» **Directions**
Print, in exact form, the lines below from the one containing "Prodej pozemku k" through the one containing "রিয়েলমি ৯ ১২৮ জিবি ব্ল্যাক", and omit all others.

» **Crawled caption data**

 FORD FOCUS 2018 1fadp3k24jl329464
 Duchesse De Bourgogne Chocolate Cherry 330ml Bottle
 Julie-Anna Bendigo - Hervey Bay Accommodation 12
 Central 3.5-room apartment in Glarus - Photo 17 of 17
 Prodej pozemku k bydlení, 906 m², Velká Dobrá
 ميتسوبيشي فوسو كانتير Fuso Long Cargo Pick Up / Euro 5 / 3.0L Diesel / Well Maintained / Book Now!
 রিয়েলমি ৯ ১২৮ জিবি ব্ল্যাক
* * *
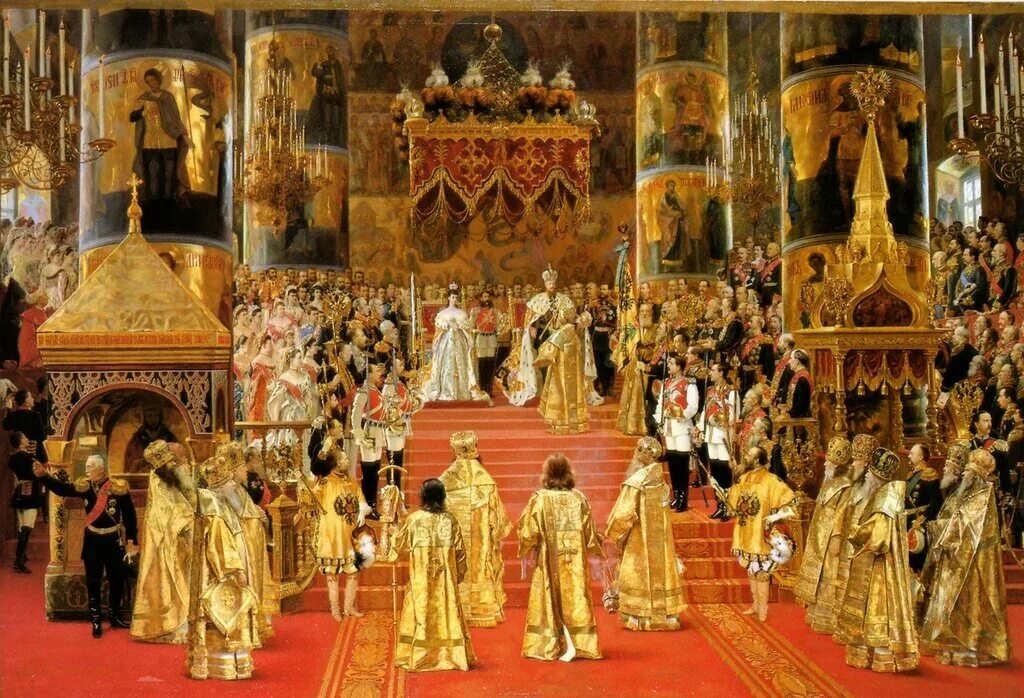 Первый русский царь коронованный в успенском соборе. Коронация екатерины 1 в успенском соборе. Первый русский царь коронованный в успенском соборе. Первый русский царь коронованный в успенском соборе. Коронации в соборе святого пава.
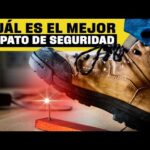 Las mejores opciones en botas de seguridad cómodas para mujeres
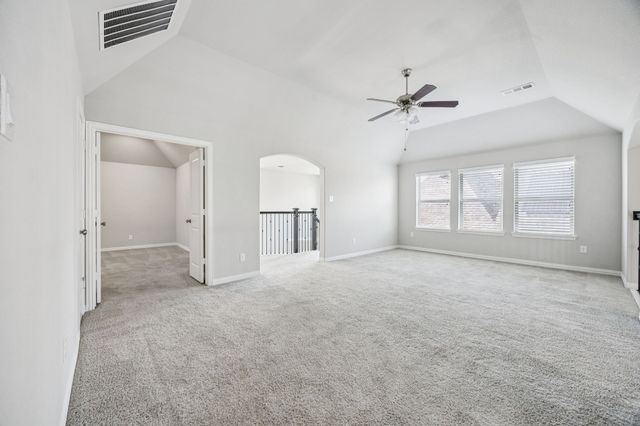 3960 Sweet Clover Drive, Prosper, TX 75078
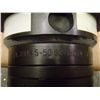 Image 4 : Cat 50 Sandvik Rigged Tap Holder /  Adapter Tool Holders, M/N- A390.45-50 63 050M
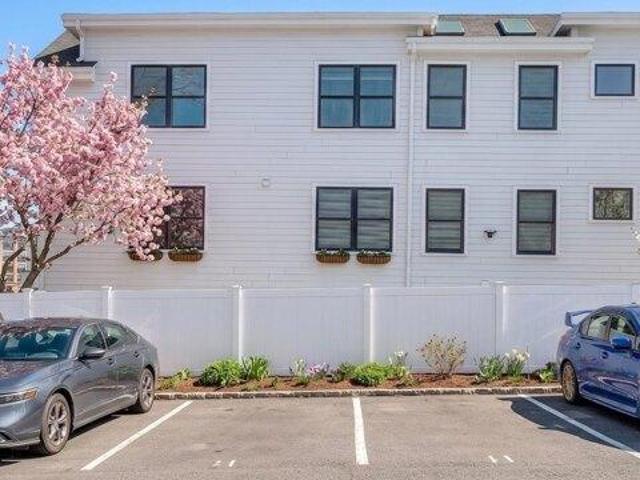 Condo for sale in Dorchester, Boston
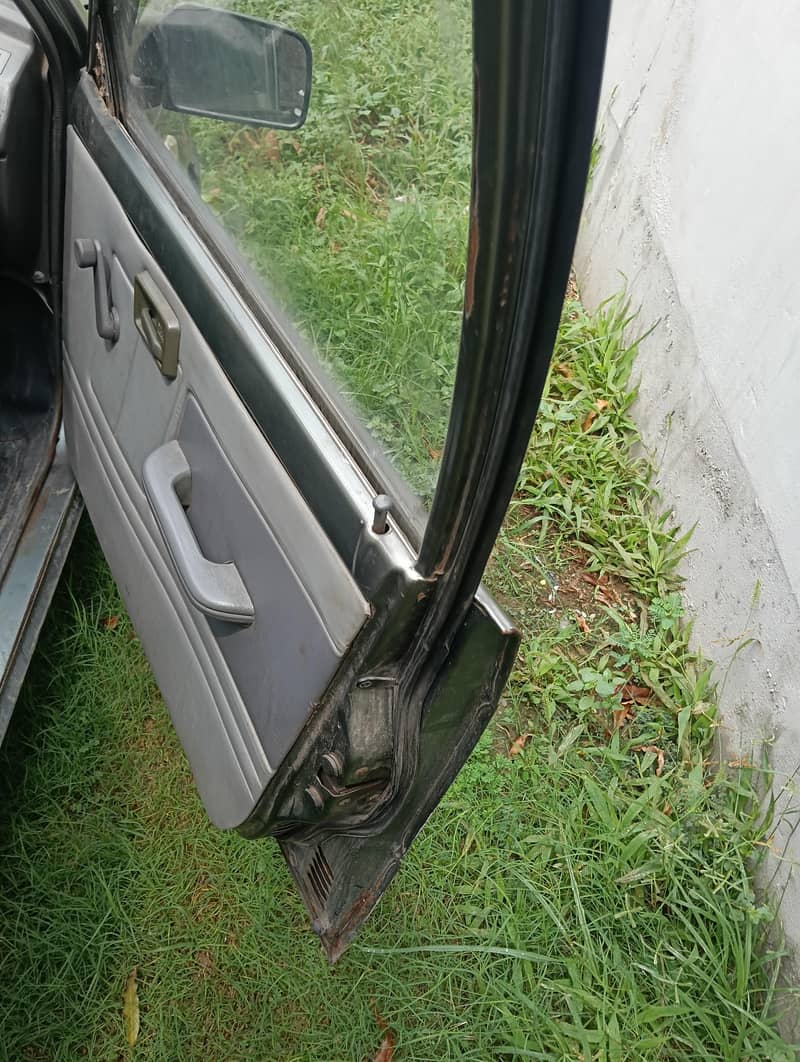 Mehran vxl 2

» **The answer**
 Prodej pozemku k bydlení, 906 m², Velká Dobrá
 ميتسوبيشي فوسو كانتير Fuso Long Cargo Pick Up / Euro 5 / 3.0L Diesel / Well Maintained / Book Now!
 রিয়েলমি ৯ ১২৮ জিবি ব্ল্যাক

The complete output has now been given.